題:仮面の
仮面のお話です。
部屋に帰ると、知らない奴がいた。テーブルに向かって座っている。ドアの開閉音で気づいたのだろう、おもむろに振り向いたそいつの顔には、
仮面があった。
白くてのっぺりした仮面に、目と口の部分だけ穴が空いている。その部分も肌が見えるかと言われれば、黒く塞がれている。まるでそういう顔であるかのように。
異常な状況に不気味な相手が合わさって腰が引ける。もしかして部屋を間違えたんじゃ、とさえ。でも扉は間違いなく私の鍵で開いた。じゃあ、あれは?空き巣や泥棒には見えない。堂々とし過ぎているし、逃げる様子もない。落ち着きを払って、まるで元から一緒に住んでいたみたいに当たり前にそこにいる。
もしかして……誰かのイタズラ?そう思いたいけど、合い鍵を持っているのは大家さんくらいで、あの人はこんな変なことしないし、だいいち今は旅行中のはずだ。

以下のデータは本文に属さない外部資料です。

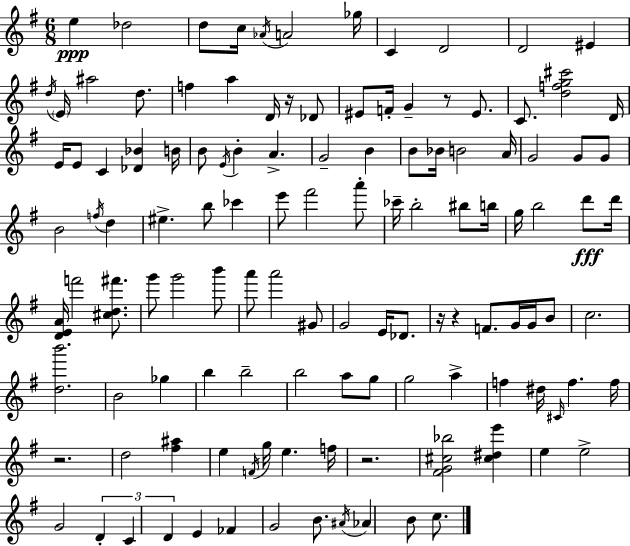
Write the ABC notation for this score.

X:1
T:Untitled
M:6/8
L:1/4
K:Em
e _d2 d/2 c/4 _A/4 A2 _g/4 C D2 D2 ^E d/4 E/4 ^a2 d/2 f a D/4 z/4 _D/2 ^E/2 F/4 G z/2 ^E/2 C/2 [dfg^c']2 D/4 E/4 E/2 C [_D_B] B/4 B/2 E/4 B A G2 B B/2 _B/4 B2 A/4 G2 G/2 G/2 B2 f/4 d ^e b/2 _c' e'/2 ^f'2 a'/2 _c'/4 b2 ^b/2 b/4 g/4 b2 d'/2 d'/4 [DEA]/4 f'2 [^cd^f']/2 g'/2 g'2 b'/2 a'/2 a'2 ^G/2 G2 E/4 _D/2 z/4 z F/2 G/4 G/4 B/2 c2 [db']2 B2 _g b b2 b2 a/2 g/2 g2 a f ^d/4 ^C/4 f f/4 z2 d2 [^f^a] e F/4 g/4 e f/4 z2 [^FG^c_b]2 [^c^de'] e e2 G2 D C D E _F G2 B/2 ^A/4 _A B/2 c/2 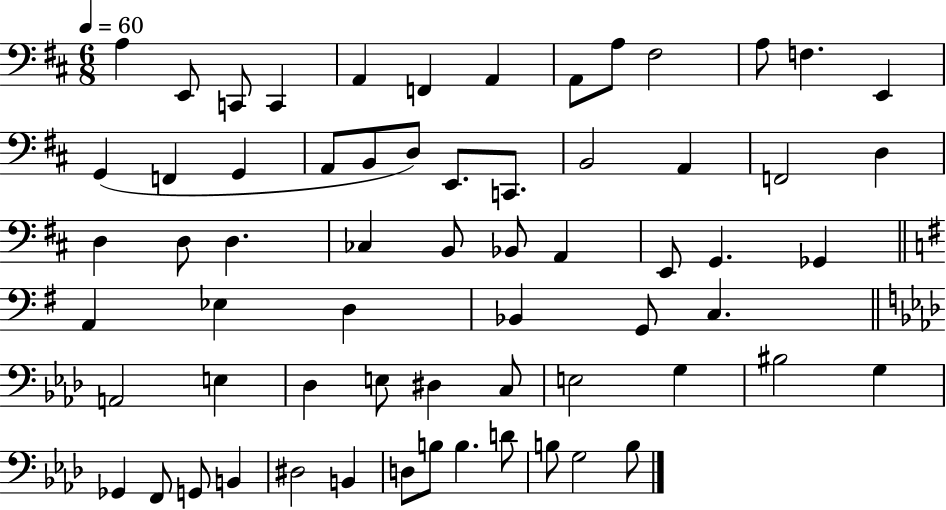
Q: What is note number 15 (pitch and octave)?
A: F2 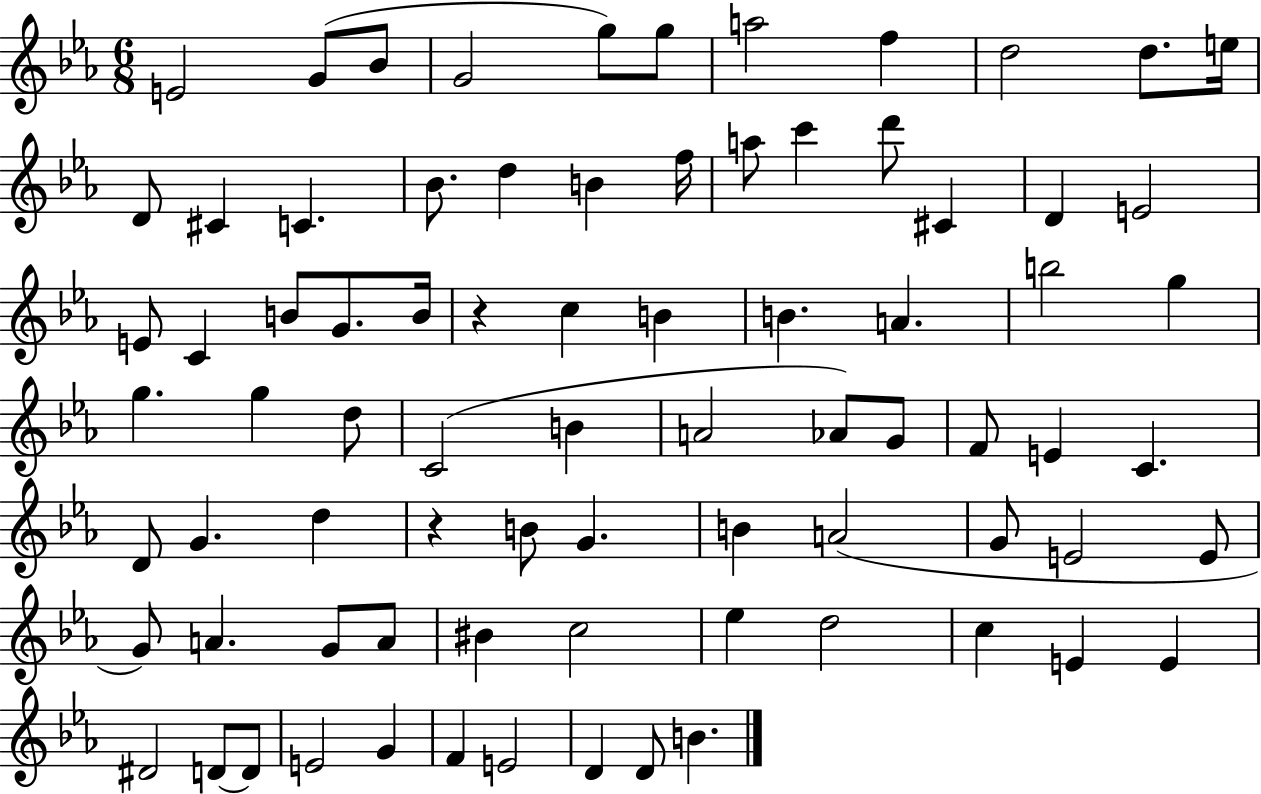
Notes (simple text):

E4/h G4/e Bb4/e G4/h G5/e G5/e A5/h F5/q D5/h D5/e. E5/s D4/e C#4/q C4/q. Bb4/e. D5/q B4/q F5/s A5/e C6/q D6/e C#4/q D4/q E4/h E4/e C4/q B4/e G4/e. B4/s R/q C5/q B4/q B4/q. A4/q. B5/h G5/q G5/q. G5/q D5/e C4/h B4/q A4/h Ab4/e G4/e F4/e E4/q C4/q. D4/e G4/q. D5/q R/q B4/e G4/q. B4/q A4/h G4/e E4/h E4/e G4/e A4/q. G4/e A4/e BIS4/q C5/h Eb5/q D5/h C5/q E4/q E4/q D#4/h D4/e D4/e E4/h G4/q F4/q E4/h D4/q D4/e B4/q. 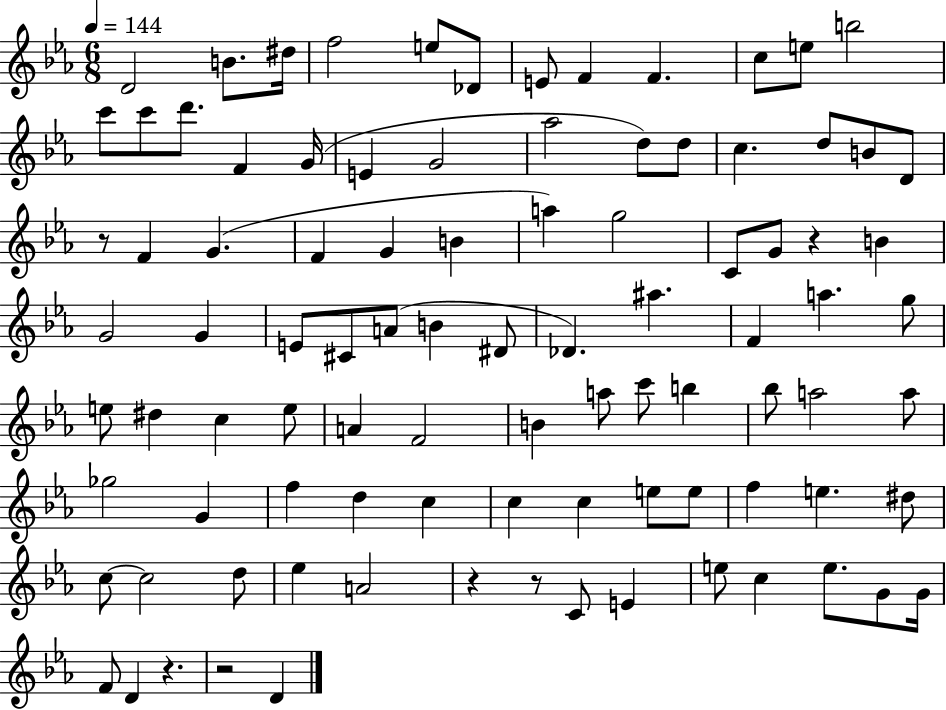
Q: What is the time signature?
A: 6/8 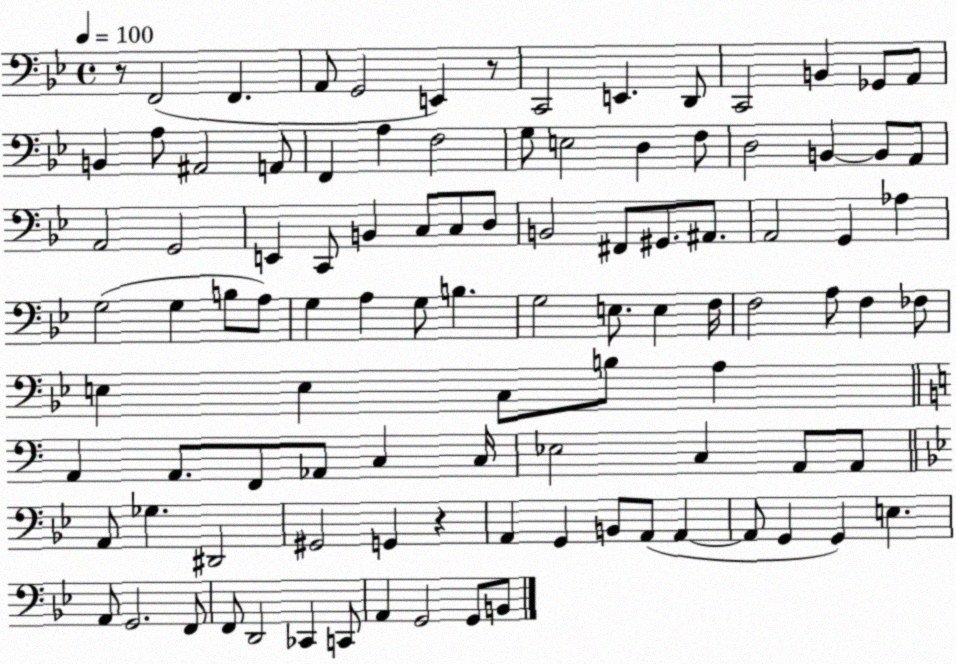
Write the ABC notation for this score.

X:1
T:Untitled
M:4/4
L:1/4
K:Bb
z/2 F,,2 F,, A,,/2 G,,2 E,, z/2 C,,2 E,, D,,/2 C,,2 B,, _G,,/2 A,,/2 B,, A,/2 ^A,,2 A,,/2 F,, A, F,2 G,/2 E,2 D, F,/2 D,2 B,, B,,/2 A,,/2 A,,2 G,,2 E,, C,,/2 B,, C,/2 C,/2 D,/2 B,,2 ^F,,/2 ^G,,/2 ^A,,/2 A,,2 G,, _A, G,2 G, B,/2 A,/2 G, A, G,/2 B, G,2 E,/2 E, F,/4 F,2 A,/2 F, _F,/2 E, E, C,/2 B,/2 A, A,, A,,/2 F,,/2 _A,,/2 C, C,/4 _E,2 C, A,,/2 A,,/2 A,,/2 _G, ^D,,2 ^G,,2 G,, z A,, G,, B,,/2 A,,/2 A,, A,,/2 G,, G,, E, A,,/2 G,,2 F,,/2 F,,/2 D,,2 _C,, C,,/2 A,, G,,2 G,,/2 B,,/2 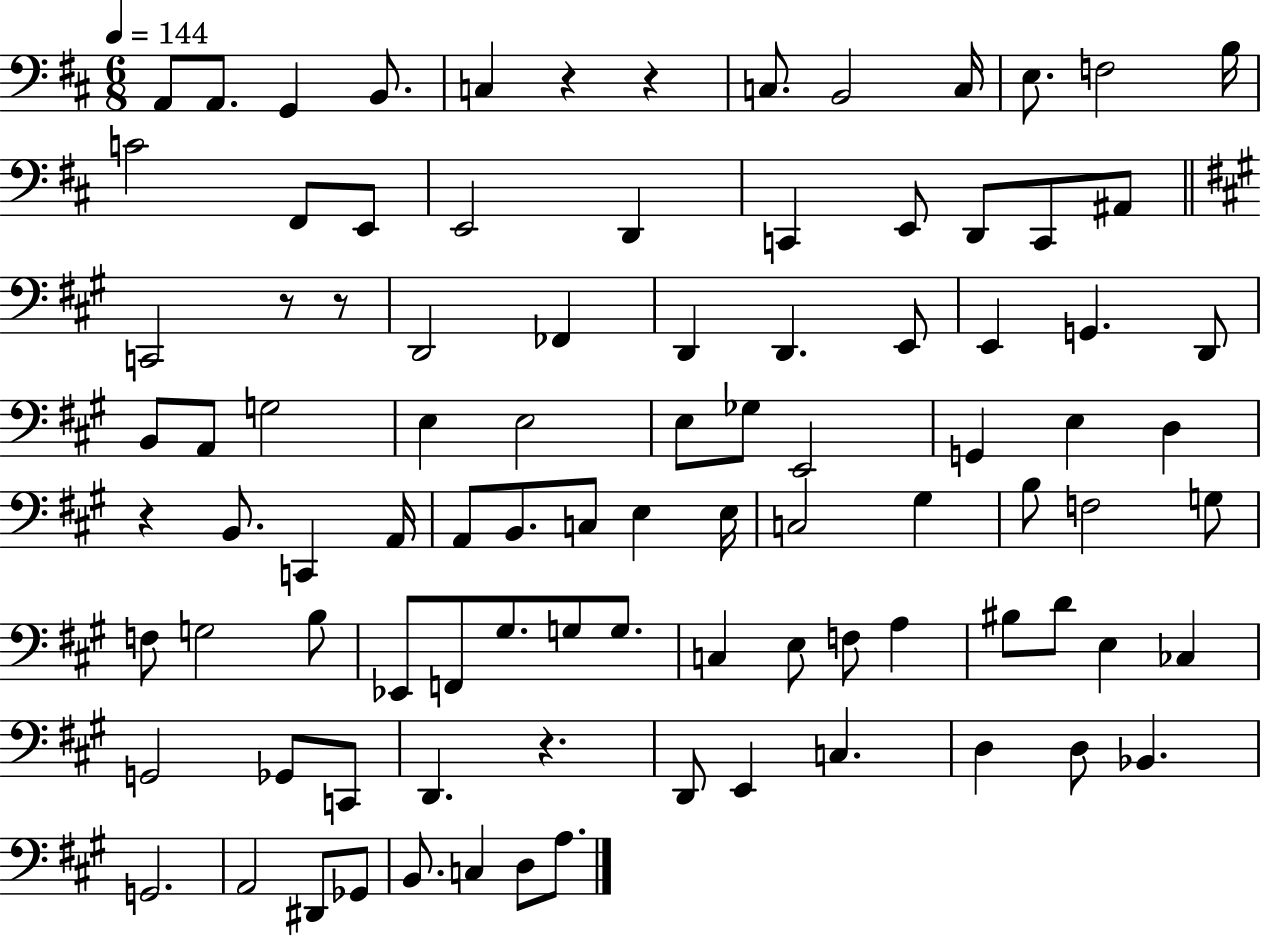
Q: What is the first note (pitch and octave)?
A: A2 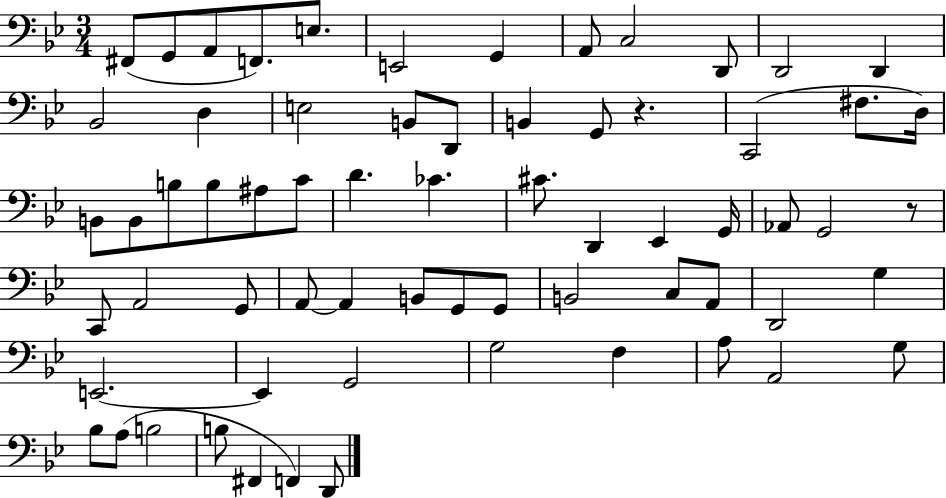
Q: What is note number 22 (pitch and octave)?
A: D3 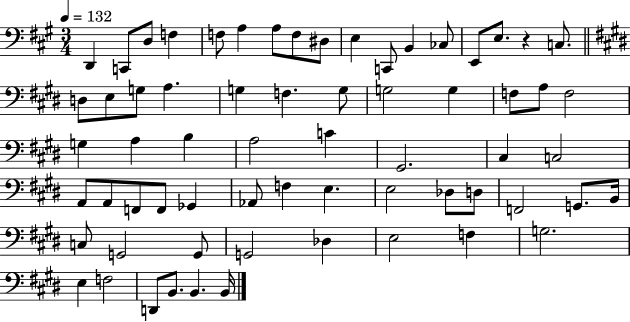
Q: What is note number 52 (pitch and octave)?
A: G2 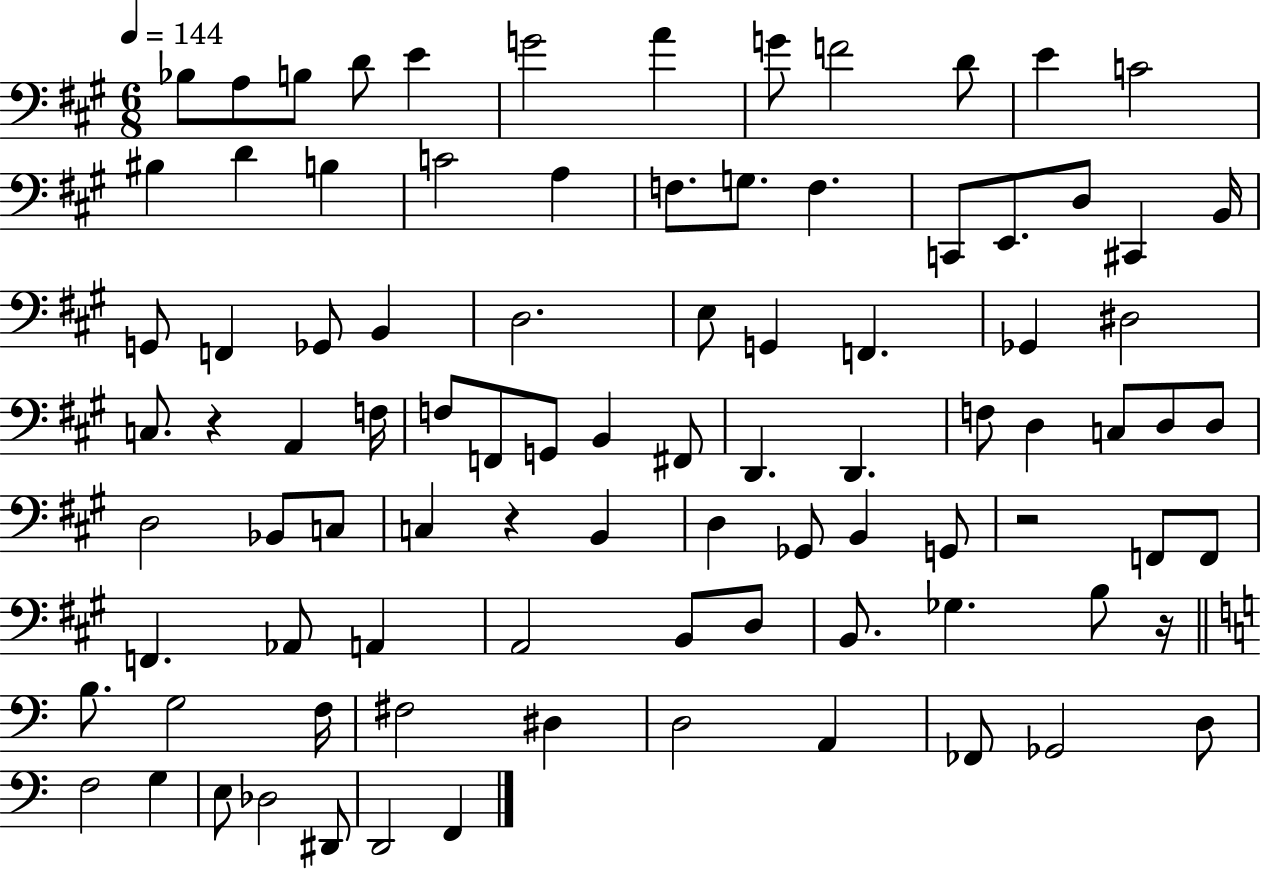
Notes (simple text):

Bb3/e A3/e B3/e D4/e E4/q G4/h A4/q G4/e F4/h D4/e E4/q C4/h BIS3/q D4/q B3/q C4/h A3/q F3/e. G3/e. F3/q. C2/e E2/e. D3/e C#2/q B2/s G2/e F2/q Gb2/e B2/q D3/h. E3/e G2/q F2/q. Gb2/q D#3/h C3/e. R/q A2/q F3/s F3/e F2/e G2/e B2/q F#2/e D2/q. D2/q. F3/e D3/q C3/e D3/e D3/e D3/h Bb2/e C3/e C3/q R/q B2/q D3/q Gb2/e B2/q G2/e R/h F2/e F2/e F2/q. Ab2/e A2/q A2/h B2/e D3/e B2/e. Gb3/q. B3/e R/s B3/e. G3/h F3/s F#3/h D#3/q D3/h A2/q FES2/e Gb2/h D3/e F3/h G3/q E3/e Db3/h D#2/e D2/h F2/q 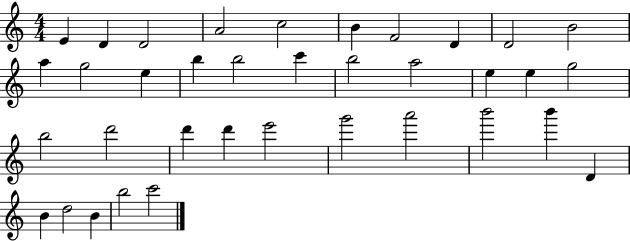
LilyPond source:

{
  \clef treble
  \numericTimeSignature
  \time 4/4
  \key c \major
  e'4 d'4 d'2 | a'2 c''2 | b'4 f'2 d'4 | d'2 b'2 | \break a''4 g''2 e''4 | b''4 b''2 c'''4 | b''2 a''2 | e''4 e''4 g''2 | \break b''2 d'''2 | d'''4 d'''4 e'''2 | g'''2 a'''2 | b'''2 b'''4 d'4 | \break b'4 d''2 b'4 | b''2 c'''2 | \bar "|."
} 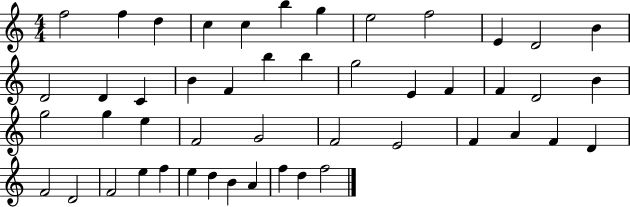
X:1
T:Untitled
M:4/4
L:1/4
K:C
f2 f d c c b g e2 f2 E D2 B D2 D C B F b b g2 E F F D2 B g2 g e F2 G2 F2 E2 F A F D F2 D2 F2 e f e d B A f d f2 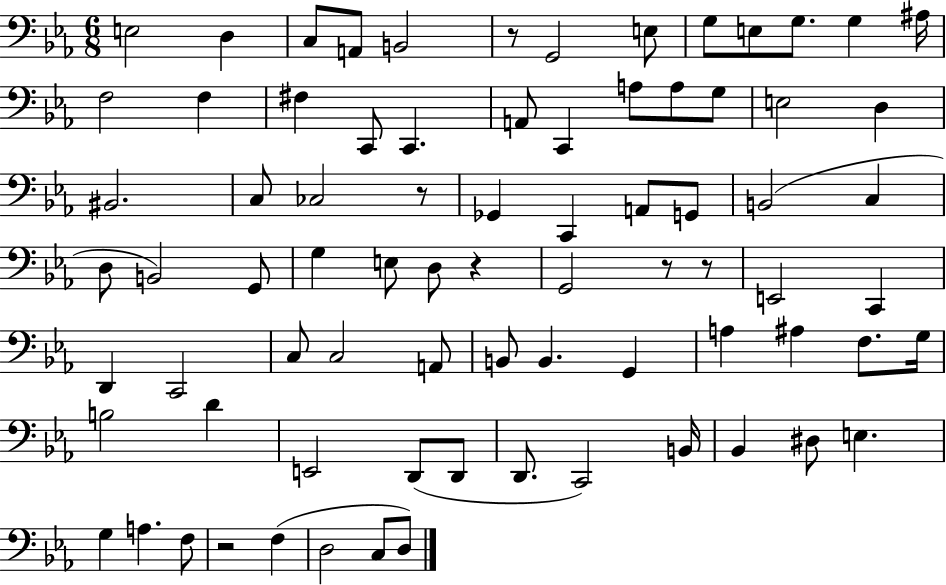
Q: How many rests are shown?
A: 6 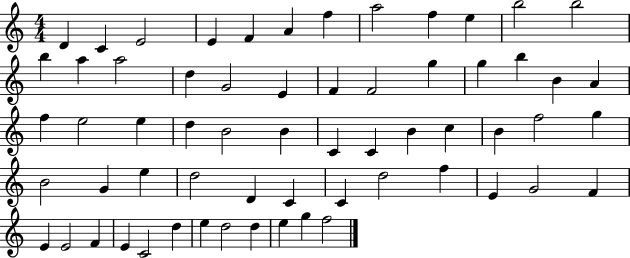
D4/q C4/q E4/h E4/q F4/q A4/q F5/q A5/h F5/q E5/q B5/h B5/h B5/q A5/q A5/h D5/q G4/h E4/q F4/q F4/h G5/q G5/q B5/q B4/q A4/q F5/q E5/h E5/q D5/q B4/h B4/q C4/q C4/q B4/q C5/q B4/q F5/h G5/q B4/h G4/q E5/q D5/h D4/q C4/q C4/q D5/h F5/q E4/q G4/h F4/q E4/q E4/h F4/q E4/q C4/h D5/q E5/q D5/h D5/q E5/q G5/q F5/h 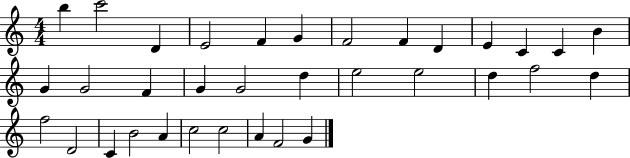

どう考えても不審者だ。考えるまでもなく不審者だ。せっかくバイトが終わってのんびりできると思ったのに。今日はもう外出の予定入れてないから。なかなか綺麗に空くことってないのに──そう思うと、なんだかムカついてくる。逃げる気はないみたいだし、追い出してやらないと。
「ぉいッ!なんだお前!」
胸倉を掴み威嚇する。ちょっと怖くて声が小さくなっちゃったけど、これで
「?」
そいつが首を傾げた瞬間、目と口の黒から靄のようなものが放たれる。急いで離れようとするも、あっという間に吸い込んでしまって。
気が付くと、私は私を見ていた。どうして?違和感を覚えて顔を触ると、硬い質感。まるで仮面のような。目の前の私が笑った気がした。
読了ありがとうございました。
不法侵入ってされたことないけど絶対怖いですよね。